In English, people say two things are “independent” to mean they “have nothing to do with one another.” This means the same thing in statistics. But how do statisticians formalize this idea?
Recall that 19% (= Pr(C)) of EMBAs own cats, and 48.5% (= Pr(D)) of EMBAs own dogs. If cat ownership and dog ownership are independent of each other, then we would expect 19% of dog owners to also own cats (or 48.5% of cat owners to also own dogs). In other words, the frequency of one random event (cat ownership) is unaffected by knowledge of the other (dog ownership). This implies the percentage of people who own both dogs and cats (= Pr(C∩D)) should be .19 × .485 (= Pr(D) × Pr(C)) = .092 = 9.2%. In other words, independence in statistics means a particular mathematical condition must hold. This notion is formalized in the following definition.
Definition. We say two events C and D are independent if and only if Pr(C∩D) = Pr(D) × Pr(C).

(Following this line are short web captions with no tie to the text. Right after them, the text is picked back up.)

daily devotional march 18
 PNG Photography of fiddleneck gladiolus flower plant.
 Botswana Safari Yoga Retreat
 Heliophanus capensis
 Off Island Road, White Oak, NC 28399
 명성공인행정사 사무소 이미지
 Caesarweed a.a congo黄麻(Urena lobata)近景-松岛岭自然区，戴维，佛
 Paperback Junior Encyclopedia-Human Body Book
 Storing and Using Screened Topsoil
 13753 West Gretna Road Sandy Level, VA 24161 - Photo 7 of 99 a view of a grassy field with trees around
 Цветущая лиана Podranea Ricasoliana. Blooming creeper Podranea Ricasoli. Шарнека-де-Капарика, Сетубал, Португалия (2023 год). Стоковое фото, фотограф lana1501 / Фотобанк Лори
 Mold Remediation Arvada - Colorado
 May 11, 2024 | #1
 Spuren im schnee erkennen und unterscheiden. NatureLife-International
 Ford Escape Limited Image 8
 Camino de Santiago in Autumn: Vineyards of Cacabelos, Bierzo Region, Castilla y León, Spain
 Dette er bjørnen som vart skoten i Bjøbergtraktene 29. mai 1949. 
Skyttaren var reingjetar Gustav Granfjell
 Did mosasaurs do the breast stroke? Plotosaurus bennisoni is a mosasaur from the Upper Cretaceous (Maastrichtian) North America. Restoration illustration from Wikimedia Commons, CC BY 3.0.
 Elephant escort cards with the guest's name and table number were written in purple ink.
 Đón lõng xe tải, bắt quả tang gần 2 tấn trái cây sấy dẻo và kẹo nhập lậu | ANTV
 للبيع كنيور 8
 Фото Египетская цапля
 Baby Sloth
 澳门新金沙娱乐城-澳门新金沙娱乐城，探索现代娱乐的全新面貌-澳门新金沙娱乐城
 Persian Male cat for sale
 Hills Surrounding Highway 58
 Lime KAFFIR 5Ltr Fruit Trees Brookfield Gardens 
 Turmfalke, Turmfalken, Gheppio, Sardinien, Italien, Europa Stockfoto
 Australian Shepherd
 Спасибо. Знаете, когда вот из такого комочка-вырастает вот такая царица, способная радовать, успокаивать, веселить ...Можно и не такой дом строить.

This is not a formula but rather a condition that we must check if we want to claim two events are independent. If the condition is true, then the events are independent. If not, they are dependent. For example, are dog ownership and cat ownership independent in our previous example? Let’s check. Pr(C∩D) = 7.5%, and Pr(D) × Pr(C) = .19 × .485 = 9.2%. These percentages are not equal, so dog ownership and cat ownership are not independent.